O agente policial que admitiu ter alterado provas no caso da morte do brasileiro Jean Charles de Menezes, morto pela polícia em Londres após ser confundido com um terrorista, foi absolvido nesta terça-feira (26). Ele era acusado de "engano deliberado".

A Comissão Independente de Queixas Policiais" disse que "Owen", como ele é identificado publicamente, errou por "ingenuidade", e não por "má intenção", quando decidiu apagar de seu computador dados sobre a morte de Jean Charles.

Segundo a comissão, ele agiu sozinho ao apagar os dados e isso demonstrou "falta de compreensão", mas não chegou a ser um delito. "Não há evidência de um engano deliberado neste caso por parte do serviço de Polícia Metropolitana em seu conjunto nem por parte de nenhum de seus membros", explicou a comissão.

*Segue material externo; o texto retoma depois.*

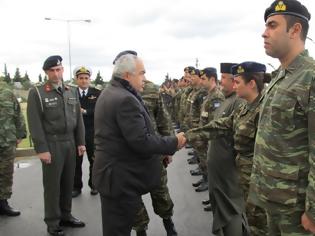 Φωτογραφία για Επίσκεψη Υφυπουργού Εθνικής Άμυνας κ. Δημήτρη Ελευσινιώτη σε Κω, Αγαθονήσι, Λειψούς και Φαρμακονήσι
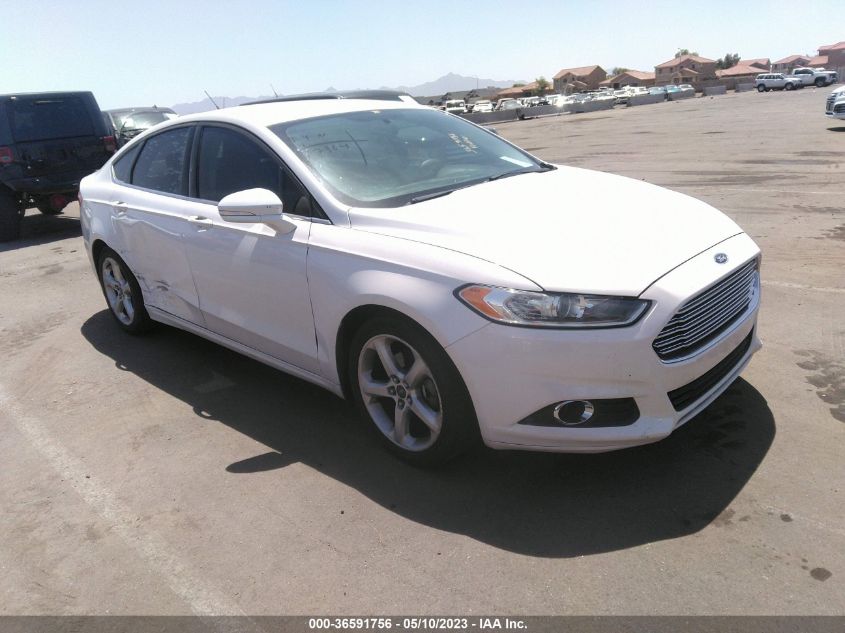 2016 FORD FUSION SE - 3FA6P0H71GR115794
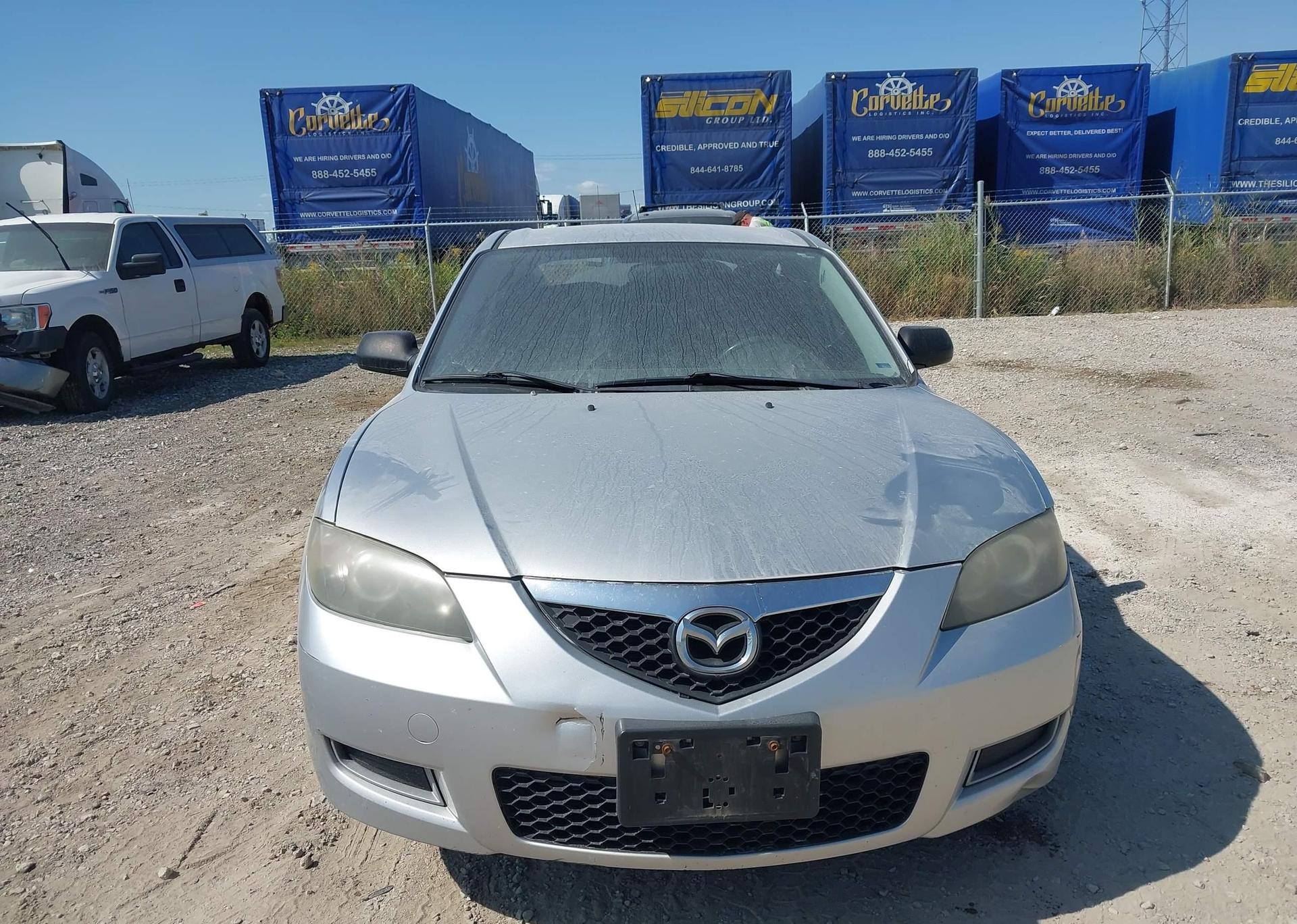 2007 MAZDA 3 I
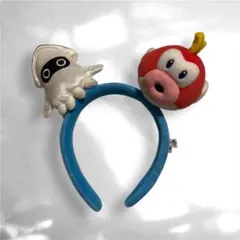 ユニバ usj ニンテンドーワールド ゲッソー プクプク カチューシャのサムネイル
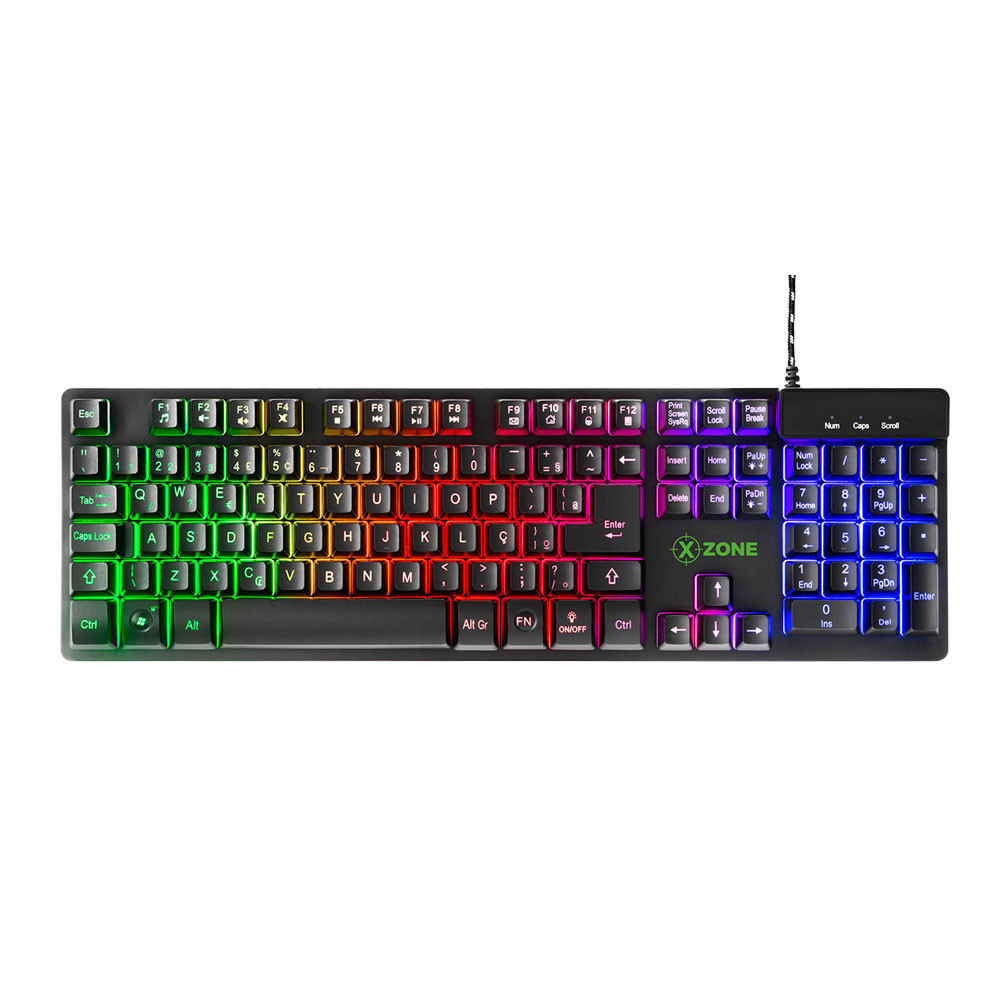 Teclado Gamer Xzone GTS-01 Semi Mecânico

O policial de alta patente admitiu em outubro, no novo inquérito sobre a morte do brasileiro, ter suprimido texto nas anotações que fez em seu computador sobre a operação na qual o brasileiro acabou morto por policiais no metrô de Londres, em 22 de julho e 2005, confundido com um suposto terrorista.

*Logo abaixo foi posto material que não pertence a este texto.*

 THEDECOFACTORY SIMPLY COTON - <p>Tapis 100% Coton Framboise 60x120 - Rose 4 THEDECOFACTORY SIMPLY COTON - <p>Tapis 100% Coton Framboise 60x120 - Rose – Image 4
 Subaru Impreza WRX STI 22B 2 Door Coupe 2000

"Owen" declarou que uma linha que informava que a policial encarregada da operação, Cressida Dick, havia dito que o brasileiro podia entrar no metrô "porque não levava nada".

"CD (Cressida Dick"): pode entrar no metrô porque não leva nada", diria a linha eliminada.

O agente explicou que decidiu apagar a linha porque não a considerou "relevante", mas acabou apagando mais informações do que quería porque estava "com pressa".

Depois de dizer que não estava segundo sobre quem levantou a possibilidade de que se deixasse Menezes seguir, acrescentou: "todo o que posso dizer é que uma das opiniões era deixá-lo ir porque não levava nada e que houve um desacordo entre a direção".

"Foi uma voz de mulher", disse "Owen". Mas ele não está seguro se era a de Dick.A morte de Jean Charles aconteceu menos de um mês depois que uma série de atentados terroristas no metrô de Londres deixou 52 mortos. A cidade acabara de ser anunciada como sede dos Jogos Olímpicos de 2012.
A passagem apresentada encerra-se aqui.